Two cities – the city of perfection, Jerusalem, and Bethlehem its nearby neighbour, dusty and rural, the house of bread.

When the Jews returned to Jerusalem after their long exile in Babylon, their holy city was heap of ruins, with its towers torn down and its economy a disaster. The people were discouraged and depressed, hopeless and wretched. To them the prophet Isaiah addressed a remarkable prophecy: A multitude of camels shall cover you, the wealth of nations shall be brought to you, they shall bring gold and frankincense and shall proclaim the praise of the Lord. For God will do a new thing with Jerusalem, under God's mighty arm the ruined city will be restored will become a hub of productivity and prosperity, a new centre for international trade and prestige.

The depressed and wretched people of Jerusalem took this prophecy to heart. They interpreted to its promise to mean that great things lay in store for Jerusalem: all the nations will turn to Jerusalem, Jerusalem will be the centre of a global economy, great wealth will come to those who serve its purposes, power and prestige will be in their hands.

Clearly it was not only the Jews of Jerusalem who knew this remarkable oracle. It appears that far in Eastern lands there were sages who knew it as well. They had read it, and understood that they must go to Jerusalem, take with them rare spices and priceless gold with which to offer homage to the new king of all peace and prosperity.

These wise men arrive in Jerusalem, the city of promise and new possibility, and seek out Herod the king to ask about the new reign that the remarkable oracle foretells. The king is mightily disturbed by this visitation and hurriedly calls together the Biblical scholars, to ask them what this oracle could possibly mean. There is a prophecy and it is about a city, but you are looking at the wrong prophecy and at the wrong city, the scholars tell Herod the king. It is not Isaiah to whom you should be listening, but to Micah. Yes, a new age is dawning, a new kingdom is being ushered in. But it is not in Jerusalem that the new age will be inaugurated but in Bethlehem. You and the wise men, all of you are 10 kilometres off.

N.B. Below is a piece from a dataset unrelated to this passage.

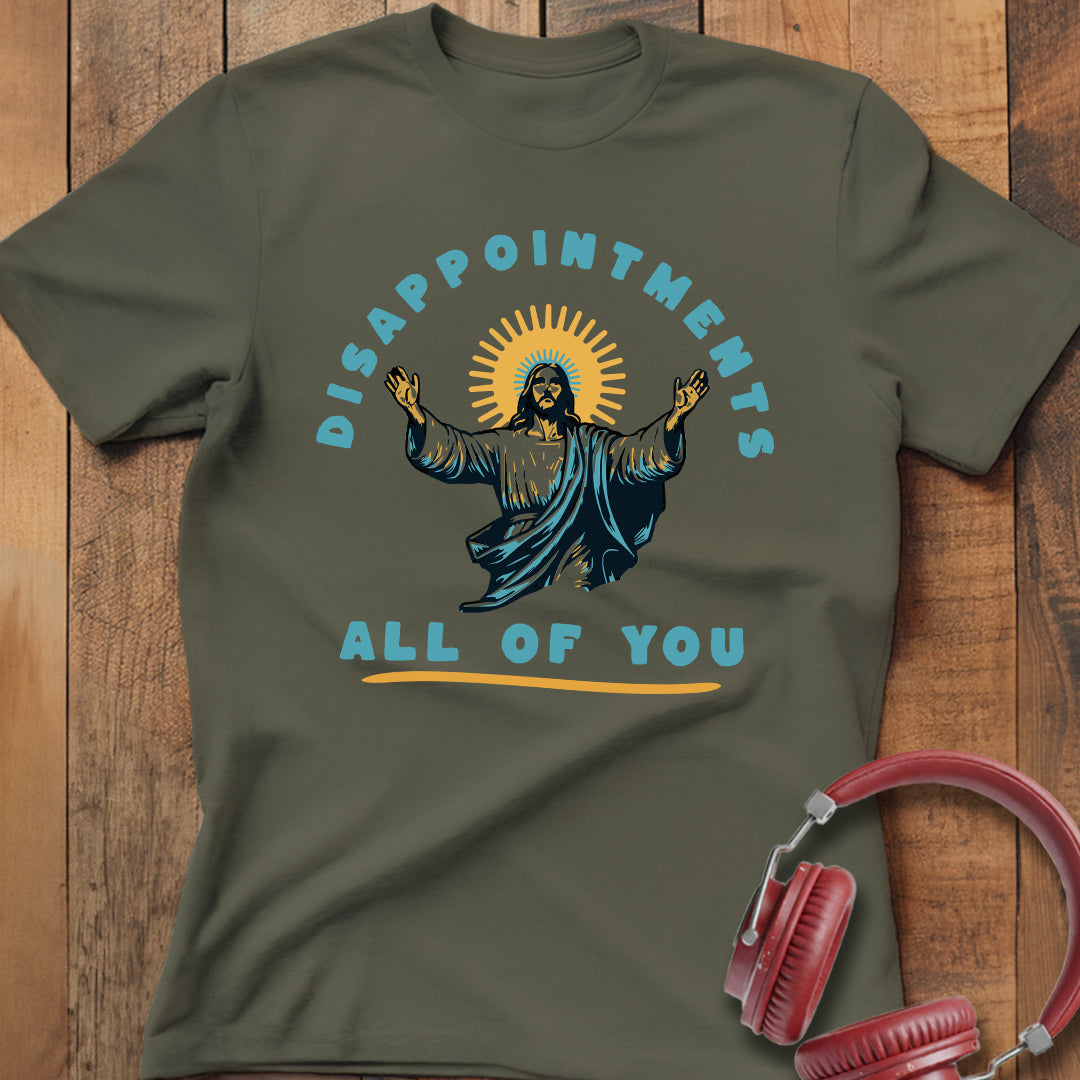 Disappointed Jesus T-Shirt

Two cities – Jerusalem with its pomp and splendour, its place on the world's stage, its influence and great pretensions, and Bethlehem with its modest promise of a new dispensation in which the ruler is a shepherd, not overlording it in power but tending alongside in solidarity. Two cities – Jerusalem, with its consumerist values and cultural ascendancy, triumphalist confidence and self sufficiency, and Bethlehem with its innocent trust that God is faithful, and its enduring hope that God is with God's people and its risky dependence on God's amazing grace. Two cities – one a place of arrogance and self-promotion, the other a place of vulnerability and openness.

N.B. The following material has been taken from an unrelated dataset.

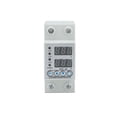 thumbnail image 1 of Naiovety Dispositivo de protección de bajo voltaje contra sobretensión de carril Din, relé Protector de pantalla Digital para oficina en casa, Accesorios para electrodomésticos 63A Naiovety HA075615-02, 1 of 6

This is where the journey of the Magi becomes our pilgrimage, yours and mine. Have we chosen the pursuit of arrogance, or have we chosen the pilgrimage of vulnerability. The one is exactly what our culture expects, honours and celebrates – no matter how many lies we tell, or deals we make, or lives we destroy. The other is counter-cultural in the extreme – the choice of an intimate relationship with God who remains in close solidarity with God's people who choose to do justice, love mercy and walk humbly with their God.

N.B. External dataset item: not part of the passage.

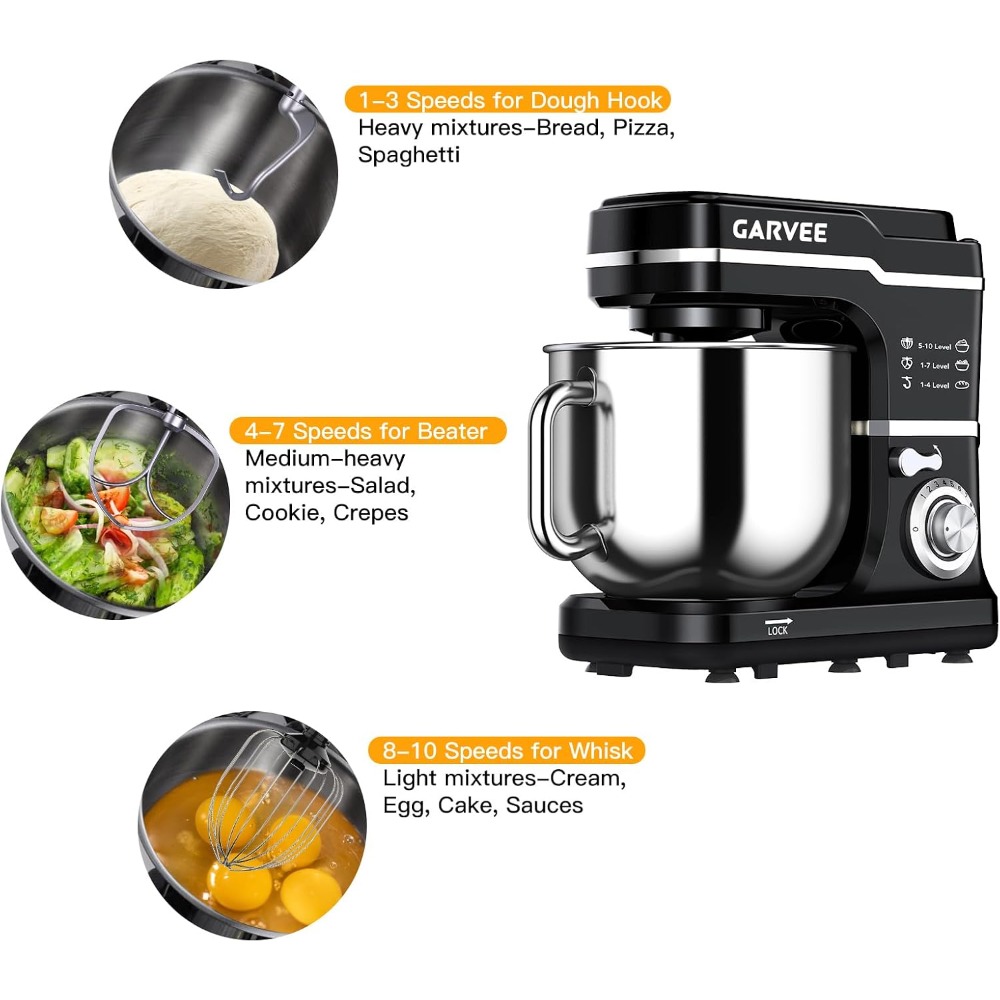 Batteur mélangeur Garvee 110-1 - Commercial Kitchen Supplier avis et prix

Two cities – the one with all the trappings of power and all the odours of sanctity, the other, outside the geography of power, on the margins of the fields of influence, poor, voiceless, disregarded. Are we 10 kilometres off you and I, and with us our community and our nation? Are we heading for short-sighted self-sufficiency and all the consequences of our empty arrogance, or are we taking the long road that winds through vulnerability, generosity, responsibility and sacrifice? Where will we offer our homage - at the crossroads of security and prosperity or at the altar of gentleness and integrity where our spears can be turned in to pruning hooks and our swords into ploughshares?

The Eastern sages listened to the tale of the two cities and choose the road to Bethlehem and then went home by a very different way.